[rescue] UTF-8 [was T5220 update]

Mouse mouse at Rodents-Montreal.ORG
Wed Nov 1 21:22:17 CDT 2017


>> as if Unicode were some kind of God-given One True Character Set and
>> UTF-8 its One True Encoding.
> UTF-8 is a reasonable compromise in a world of mutually-incompatible
> human scripts.

In some respects.  Unicode sort-of is; UTF-8 is...well, it takes all of
Unicode's faults (like the CJK disaster) and adds some of its own.

> It'd be Really Nice if the characters were the same width, but that
> means weighing lots of 0-bytes in text versus freezing out anyone
> whose languages aren't expressible in the 8-bit Latin encodings.

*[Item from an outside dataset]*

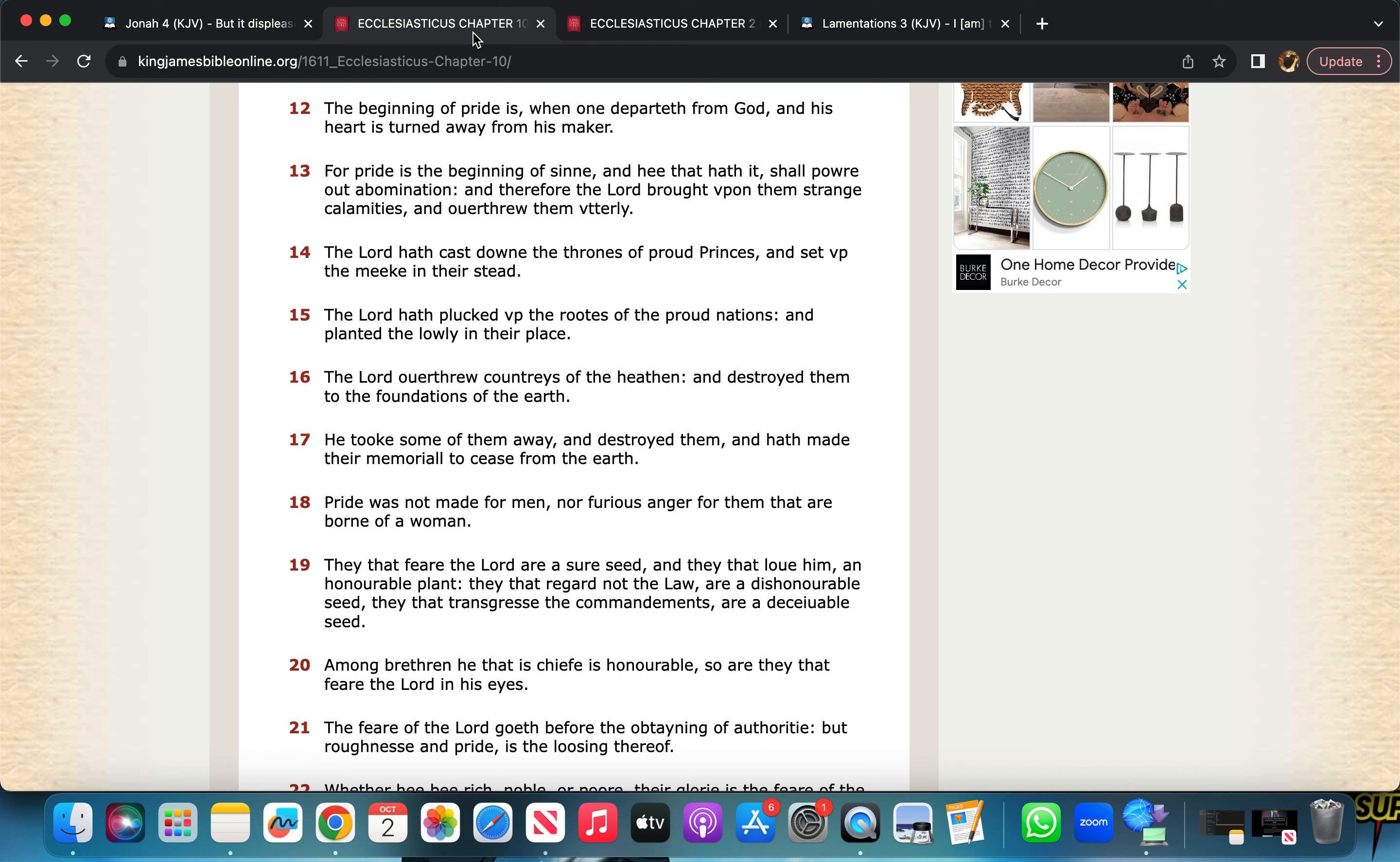So this is bringing me to this script in Ecclesiasticus, the 10th chapter, verse 18. Doest thou well to be angry? It says, pride was not made for men, nor furious anger for them that are born of a woman. And when I bring this lesson out, when you're in your situation, there's nothing wrong with complaining to the Lord. But to sit there and mope, gripe, and be mad and be, in a sense, selfish, it's wrong. That's not enduring. That's not setting your heart aright.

Storage compactness is a completely spurious claim except for those
using mostly-ASCII characters.  UTF-8, as compared to a stream of
16-bit codepoints, does not save storage for anything except ASCII, and
it expands everything above U0800, which is to say, everything except
Latin-1, Latin Extended A, Latin Extended B, Greek, Cyrillic, Armenian,
Hebrew, Arabic, Syriac, Thaana, and some stuff like IPA and modifiers.
As compared to a stream of 24-bit codepoints, UTF-8 compresses only the
stuff below U0800 and expands everything above the BMP.

In my opinion - and that's all it is, my opinion, and it's probably
worth about what you paid for it - UTF-8 is an abomination.  The
benefits of each character being the same size in memory far outweighs,
to me, the storage compaction UTF-8 provides for ASCII text (or, if you
use 24- instead of 16-bit codepoints, the handful of writing systems
outlined above).

> The old school of bickering code-pages can remind us how that goes.

See xkcd #927.  You can cover your eyes and wish as hard as you like,
but it won't make the installed base go away.

> For its faults, UTF-8 and Unicode are _FAR_ better than their
> predecessors.

Maybe they would have been if there were no installed base - though I
still consider variable-sized (in storage) characters an abomination.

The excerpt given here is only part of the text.